Why was it introduced?
Up until the Act was passed, the defence of contributory negligence in tort law was considered to be a full defence to negligence claims that may have been raised. This had the opportunity to lead to a number of circumstances where a dominant party would avoid having to pay compensation on the basis that the claimant had been marginally at fault for the injury that was caused. This was particularly applicable to employers and employees with regards to workplace injuries where the employer could escape having to pay high costs in damages. However, contributory negligence also occurred in circumstances outside of the workplace were inequitable decisions had occurred and therefore it was felt that the law needed to be addressed.
The Law Reform (Contributory Negligence) Act 1945 was passed shortly after the Second World War had been concluded along with a number of improvements to workplace regulations such as the Law Reform (Personal Injuries) Act 1948.
What was the aim of the Act?
At the time of the introduction of the Law Reform (Contributory Negligence) Act 1945, there were defences that assisted employers in guarding against claims in negligence for workplace injuries. Contributory negligence was a prominent and full defence that could be used by employers to prevent claims of negligence in the workplace. This meant that employers could avoid paying compensation if it could be proved that the worker was at least partly to blame for the accident that caused the injury, even if the employee’s blame was severely less than the employer’s. Aside from this, employers could also argue for ‘volenti non fit injuria’ which essentially restricted liability against negligence claims on the basis that the employee had willingly placed themselves in a situation where they might be injured and had therefore accepted the risk, absolving the employer of any liability.
Therefore, the aim of the Law Reform (Contributory Negligence) Act 1945 was intended to provide greater protection to parties that had a claim in damages for negligence but were prohibited from succeeding on the basis that they had been partly to blame for the damage that had been caused. This protection would be helpful to limit circumstances that had created clearly unjust decisions as seen in the common law before the introduction of the Act.
What main changes did it make to the law?
In legal terms, the Law Reform (Contributory Negligence) Act 1945 changed the law regarding the defence of contributory negligence and rather than allowing it to be employed as a full defence, ensured that it would be fairly considered by courts to reasonably apportion blame and damages to the relevant parties in a negligence dispute. Further to this, the Act also defines the appropriate method for the courts to consider the damages that are owed to the parties in such situations.

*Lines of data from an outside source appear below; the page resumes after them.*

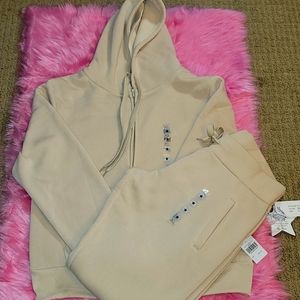 Fleece beige jogger set, size XLarge. Juniors XLarge. NWT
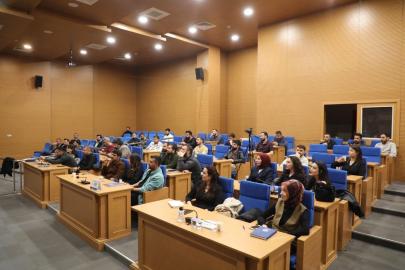 Tuşba Belediyesi ev sahipliğinde düzenlenen 'İmar Uygulamaları Eğitimi' son buldu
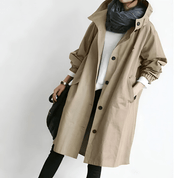 Amélie Rousseau | Oversized frakke med hætte og elegante knapper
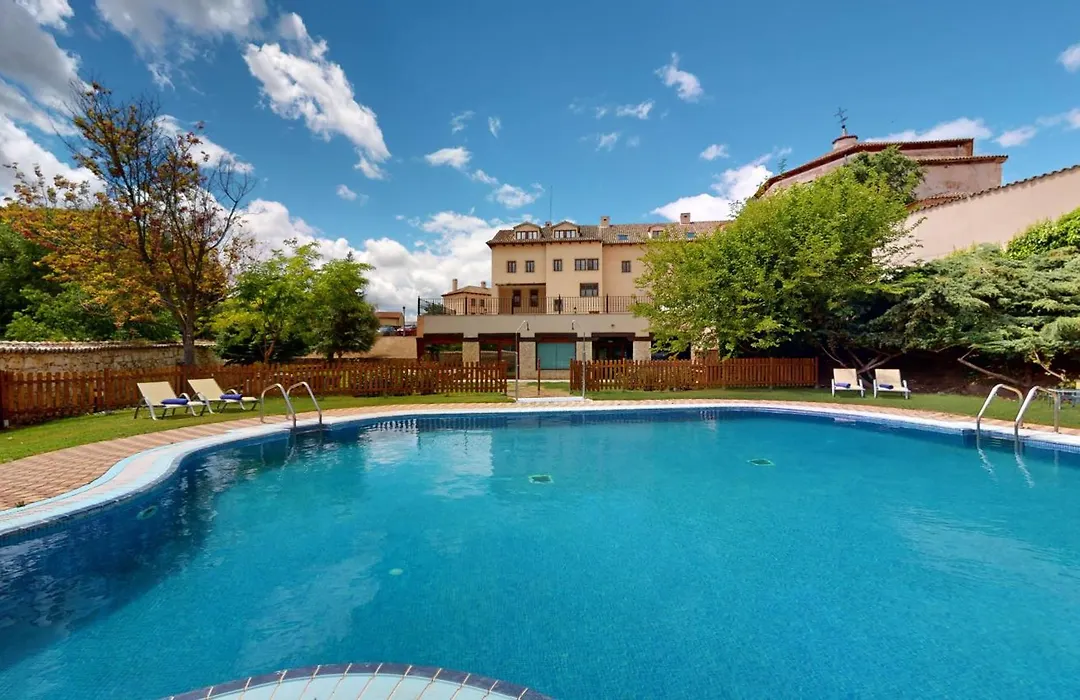 Azz Penafiel Las Claras Hotel & Spa-1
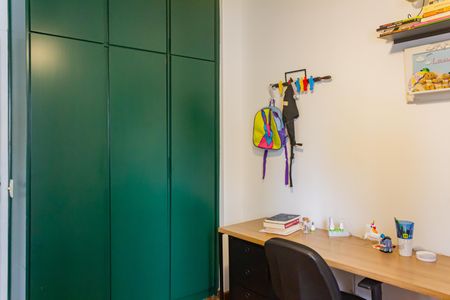 Apartamento à venda com 115m², 3 quartos e 2 vagasQuarto 2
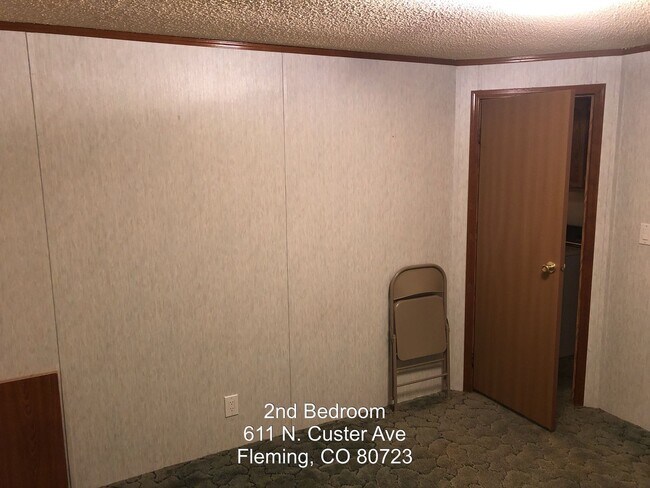 Building Photo - 611 N Custer Ave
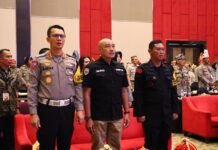 PERS DITLANTAS POLDA SULSEL TERIMA PENGHARGAAN KAPOLDA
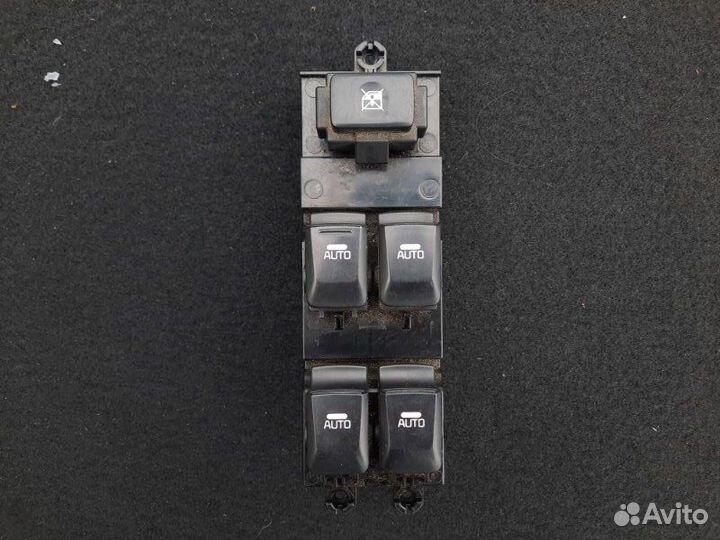 Блок управления стеклоподъемниками передний левый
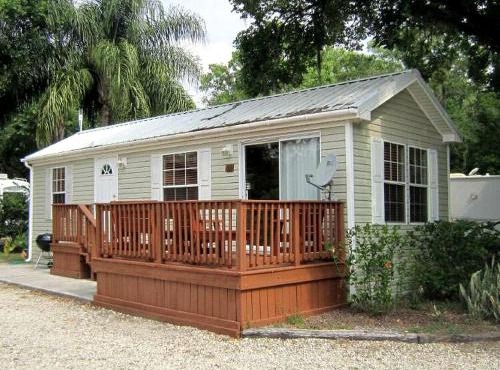 Quaint Cabin with Comfy Interior in Inverness, Florida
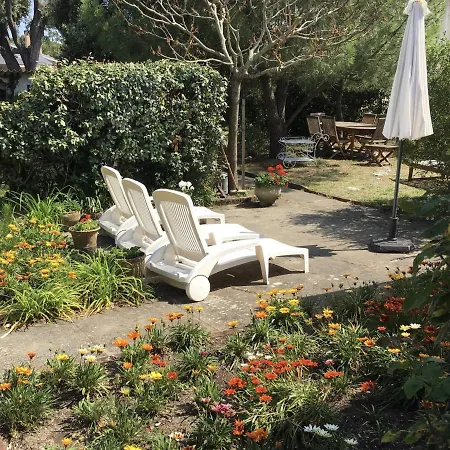 Charmante 2* Proche Plage & Centre, Jardin Clos, 3 Chambres, Tv, Dvd, Parking, Ideal Famille - Fr-1-648-25 فيلة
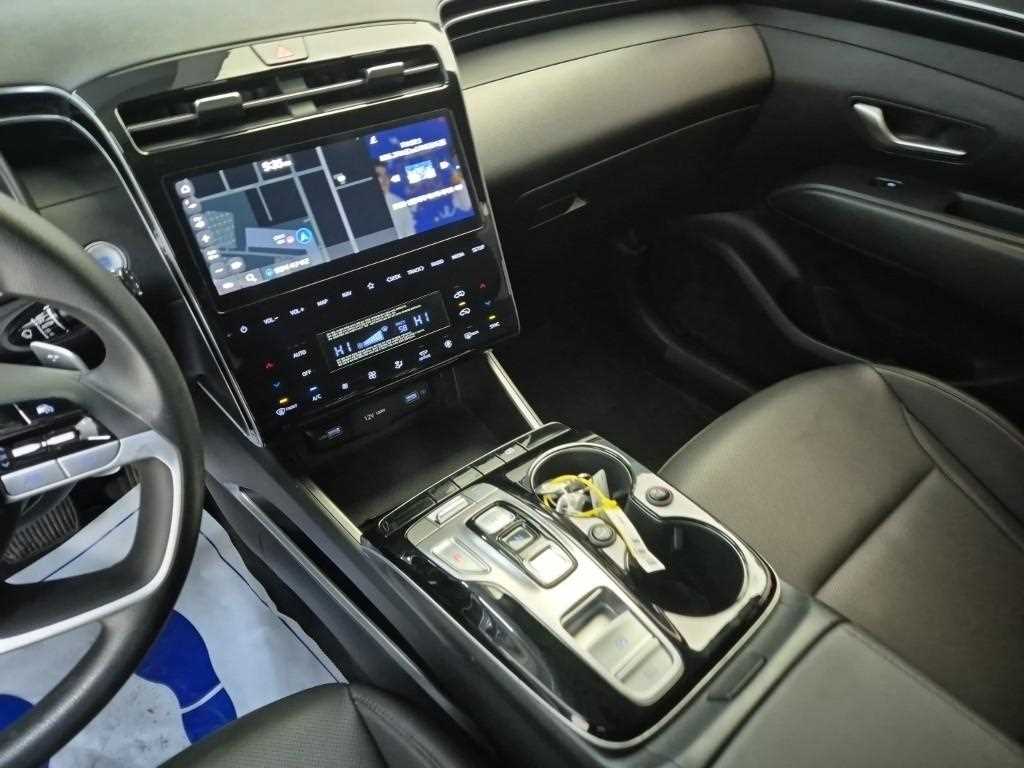 HYUNDAI Tucson - Vista 10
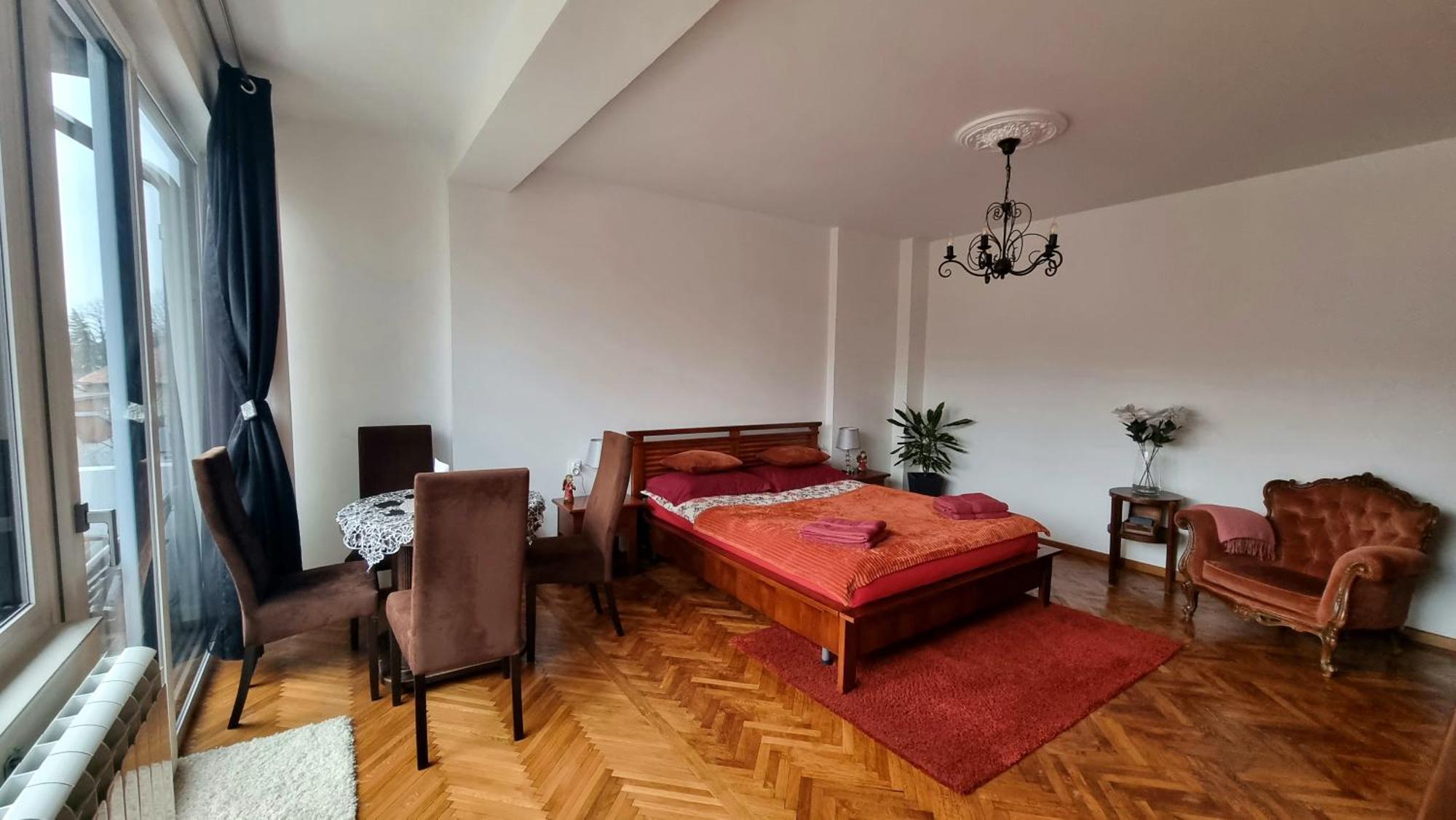 Toma Boutique Appartement Braşov Buitenkant foto
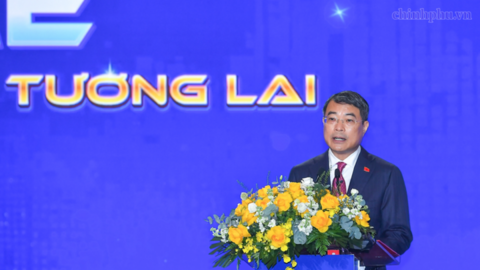 Thủ tướng: Chính sách phải ổn định, dễ hiểu, dễ thực hiện, giảm thực chất chi phí, thời gian tuân thủ của doanh nghiệp*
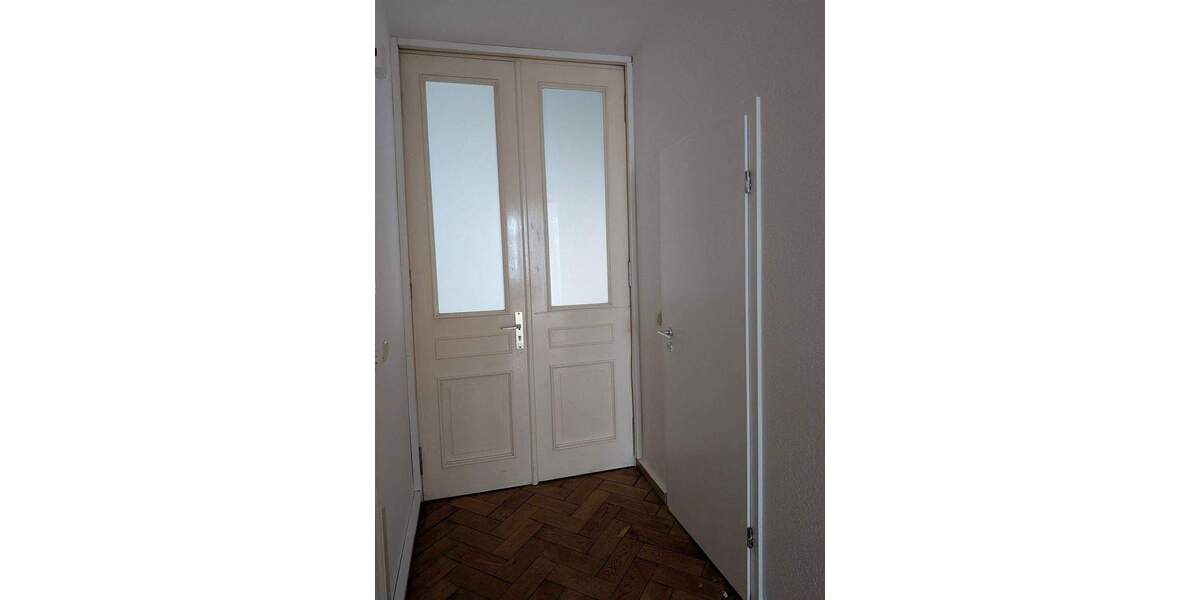 Etagenwohnung Rostock Stadtmitte - 3 Zimmer, 104 m&sup2;, 830&euro; | Angebot:25689030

The Law Reform (Contributory Negligence) Act 1945 section 1 (1), states that where a person suffers damage by his own fault and by the fault of a negligent party, a claim shall not be defeated on the basis that the claimant was partly at fault. This is a fundamental section of the Act. Section 1 (2) of the Act defines the method in understanding the level of damages that might be owed to the claimant.
It is worth noting at this stage that the Law Reform (Contributory Negligence) Act 1945, section 2 was repealed soon after its introduction by the National Insurance (Industrial Injuries) Act 1946 and is no longer in effect.
The Law Reform (Contributory Negligence) Act 1945, section 4 defines certain important terms that are listed under the Act such as ‘court’, ‘damage’ and ‘fault’ which goes on to clearly define what is meant in a claim for negligence. It is worth noting that section 5 deals with the application of the Act in Scotland, under broadly the same terms as that in the earlier sections of the Act. The Act does not apply to Northern Ireland as per Law Reform (Contributory Negligence) Act 1945, section 6.